Die kleinen Handgriffe, die den Unterschied machen
Ich würde lieber an der Gehzeit festhalten als an einer besonders großen Hefemenge. Ein langsamer, gut entwickelter Teig schmeckt runder und bleibt länger weich. Auch beim Ausrollen lohnt sich Ruhe: Wenn sich der Teig ständig zusammenzieht, lasse ich ihn fünf Minuten liegen und arbeite erst dann weiter.
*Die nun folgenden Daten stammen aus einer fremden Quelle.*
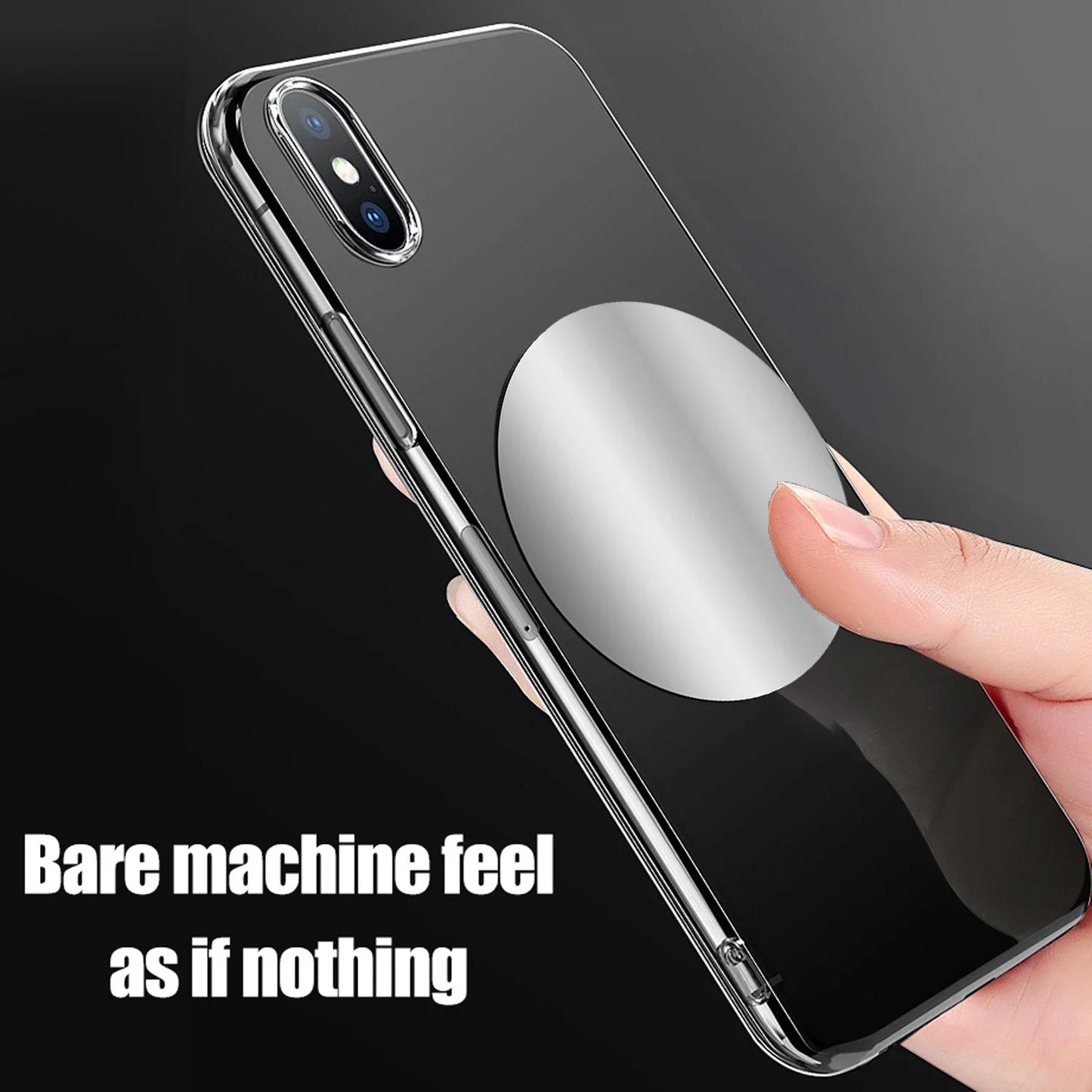 1-5PCS 8CM Magnetic Metal Plate Disk for Mobile Phone Tablet Universal Self Adhesive Iron Disk Patch Sticker for Magnetic Holder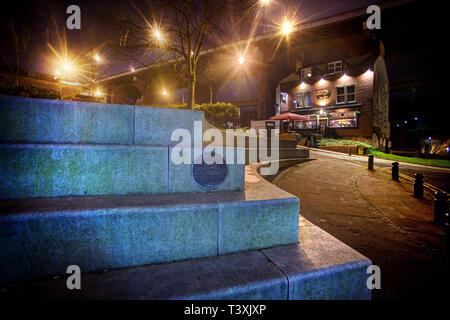 L'auberge de bateau public house,Vallée Ouseburn, Newcastle-upon-Tyne Banque D'Images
Für eine besonders gleichmäßige Form schneide ich die Rolle zunächst in der Mitte durch und teile jede Hälfte nochmals in sechs Stücke. So werden die Enden nicht winzig und die mittleren Schnecken nicht übergroß. Nach dem Backen kommt der Guss auf die noch warmen, aber nicht mehr heißen Rollen, damit er leicht schmilzt und in die Spiralen läuft.
Mit diesem Grundrezept bekommst du ein zuverlässiges Gebäck für den Sonntagskaffee, den Brunch oder eine gemütliche Kaffeetafel. Entscheidend sind ein elastischer Teig, eine kurze zweite Gehzeit und ein aufmerksamer Blick in den Ofen - dann bleiben die Zimtschnecken innen weich und außen angenehm goldbraun.